On raconte que ce nom serait venu des garçons bouchers, un peu turbulents, qui habitaient le quartier. D'autres penchent plutôt pour ces aventuriers français et italiens, qui ravagèrent Paris en 1525 pendant la captivité de François 1er. C'est aussi, à quelques mètres de là, que fut fondé le Caveau et ses célèbres chansonniers, où venaient se réfugier quelques poètes gastronomes, qui s'enivraient de rimes et de bourgogne.

Témoin de cette époque généreuse, il ne reste plus aujourd'hui, dans cette rue, qu'une sculpture du XVIIe siècle, représentant un sauvage nu, vêtu d'une guirlande, sur le fronton d'un restaurant.

Pas très loin, les gourmands peuvent encore se mettre quelque nourriture sous la dent.

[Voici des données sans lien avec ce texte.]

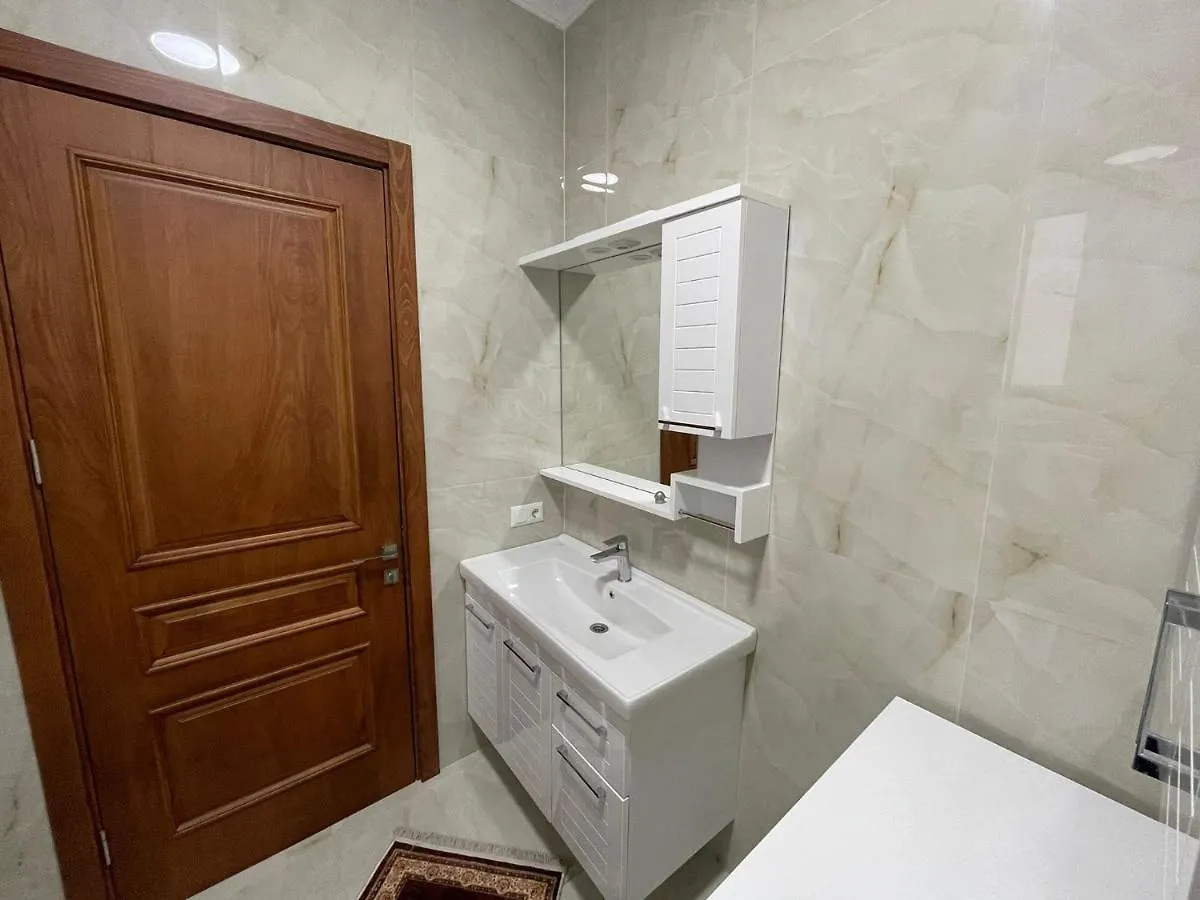 Apartment Halaskargazi Sisli Ultraluks Daire Istanbul Turkey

On y trouve une belle enseigne, - la librairie du Globe - ainsi que la "meilleure rôtisserie de Paris". Il paraît que l'on y vient de très loin pour acheter perdreaux, pigeons et autres chapons de Bresse. Né en pays gascon, Jean-Pierre Sicre n'y est pas insensible.

C'est donc dans ce quartier où l'on a toujours pris le temps de vivre que les éditions Phébus -neuf salariés- rayonnent de mille péchés. Leur catalogue -riche de plus de 500 titres- illustré d'un soleil buveur, qui tend vaillamment sa coupe de vin en signe de fraternité (même si quelques nuages semblent obscurcir son ardeur) est là pour rappeler l'esprit de la maison : le plaisir avant tout, sérieux antidote contre l'ennui.

"La mort est là, que faire avant? Nul doute que la personne qui a construit cette planète n'était pas un artisan confirmé. Si nous étions des dieux, nous ne lirions pas. Mais nous sommes malheureux, incomplets, et c'est pour cette raison qu'il y a tant de livres. Le seul critère donc, c'est qu'un livre ne doit pas ennuyer." Épicurien devant l'éternel, mélomane averti (Schumann et Couperin ont sa préférence), Jean-Pierre Sicre avoue ne militer pour rien. Tout juste cet érudit regrette-t-il que le bon dieu n'ait pas inventé plus d'heures dans une journée. Et de pester contre ce "sale métier" qui "éloigne du livre" : "Les relations que l'on entretient avec les bouquins reposent sur l'inutilité, la paresse et la volupté. Maintenant, pour moi, c'est tout le contraire. J'ai manqué mon coup."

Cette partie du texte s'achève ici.